|John Hume, a disgrace to his species|
The older I get, the more I am moved by the plight of other fauna on the planet in the face of human rapacity. One of the week's most disgusting news items was the inaugural online auction of rhinoceros horn, held by South African millionaire rhinoceros horn farmer John Hume.
|Young Female Siberian Woolly Rhino|
Who does not feel atavistic guilt and melancholy looking at the 39,00-year-old woolly rhinoceros found in eastern Siberia in May, one of the many species of megafauna exterminated by our hunter-gatherer ancestors? Only a few millennia later, some of them created thrilling portraits of some of her close relatives in Chauvet, southern France.
|Chauvet cave animal paintings|
The rhinoceros had lived alongside Neanderthal man in prehistoric Thessaly, but by the classical era the European rhino was long extinct. Aristotle had heard of them, probably through accounts sent by Alexander’s army in the east, and the occasional Egyptian-Greek amulet shaped like a rhinoceros has turned up. But the brutal exploitation of the rhinoceros can clearly be seen in ancient Rome, where it became the star of the amphitheatre.
|Ptolemaic Rhino Amulet|
The rhinoceros features in accounts of wicked Emperors’ depravity: Commodus liked to slaughter rhinoceroses personally, at no danger to himself. Caracalla revelled in rhinocericidal spectacles as well. Domitian had been particularly keen, even stamping a rhinoceros on coins to remind his imperial subjects of the lavishness of the games he had provided.
|Domitian's Rhinoceros coin boast|
The poet Martial’s poems on Domitian’s rhinoceros fetish are heart-breaking. Since this magnificent beast is vegetarian, and temperamentally placid, it proved profoundly disappointing in the shows when animals were meant to tear each other apart to gratify the audience.
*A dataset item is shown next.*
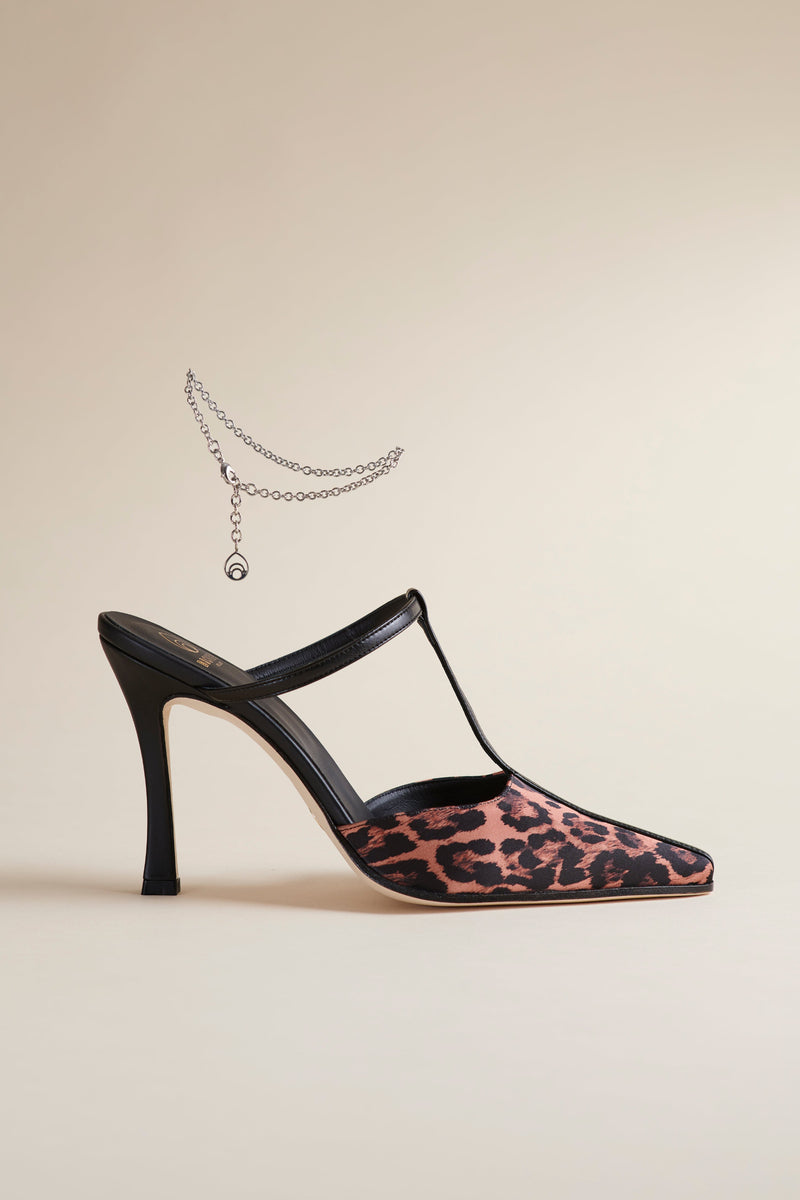 A 3.5" inch heel with faux leopard print toe covering and ankle charm.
So the rhino had to be tortured into losing its temper and attacking other animals. But then it could toss two oxen in the air, terrorise a lion, or vanquish a great brown bear.
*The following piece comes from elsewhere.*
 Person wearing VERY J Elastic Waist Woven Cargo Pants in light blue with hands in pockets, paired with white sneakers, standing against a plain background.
|Mosaic at the Villa del Casale, Piazza Armerina, Sicily|
The rhinoceros, all 3,800 lbs of it, can indeed charge an adversary at 30 mph. John Hume’s rhinoceroses can’t toss their assailants, of course, because he has removed and auctioned their horns. But I for one would not be sorry to see him face a herd of them, furious, in an arena. Perhaps a new form of the ancient venationes (hunting spectacles) could be invented specifically to punish humans convicted of cruelty to animals.